I get frustrated when reading movie and TV reviews/previews spread across half a dozen or more providers, especially when that info is buried several paragraphs into the review. I often get "sold" on something only to find out that it's on a service that I don't have. And I don't want any more services. The four that we already subscribe to provide far more content than I can watch. And they're sticky -- once you have a history and build a watch list, they're hard to quit.

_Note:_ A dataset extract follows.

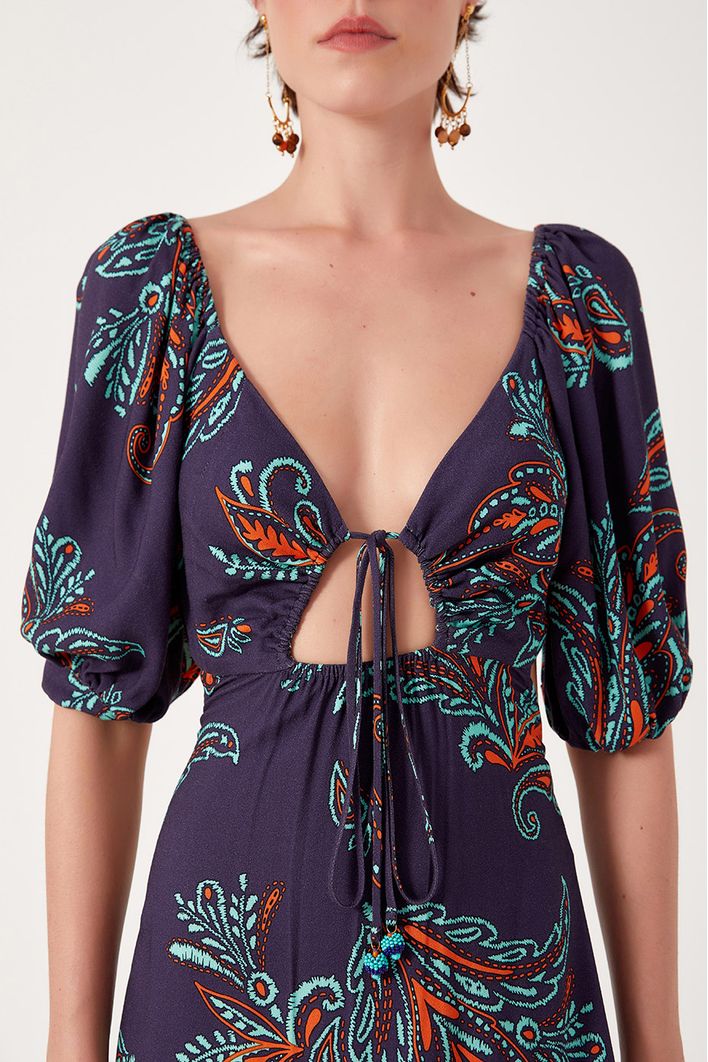 Vestido Longo Estampa Blatt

Sometimes I miss the one-stop shopping of cable TV. The ideal marketplace (for me) would be having ONE provider that acts as a gateway that can offer ANY content a la carte. That is, I would subscribe to Prime (for example) and get all of their native content for a flat price. If I want to watch a Hulu show (for example), Prime would fetch that for me for maybe a dollar per month and add it to my subscription library. Hulu might get 90 cents and Prime would keep a dime for brokerage. In other words, we'd subscribe to shows rather than providers, and one company would handle all the billing. But you could choose any company as your gateway -- if you like Hulu's overall lineup, you'd subscribe to them and could buy individual Prime shows for a dollar. Each company is incentivized to produce the most and best content because it wants to be your gateway, but each gateway has access to everyone's content, and you don't need to pay attention to what originates where.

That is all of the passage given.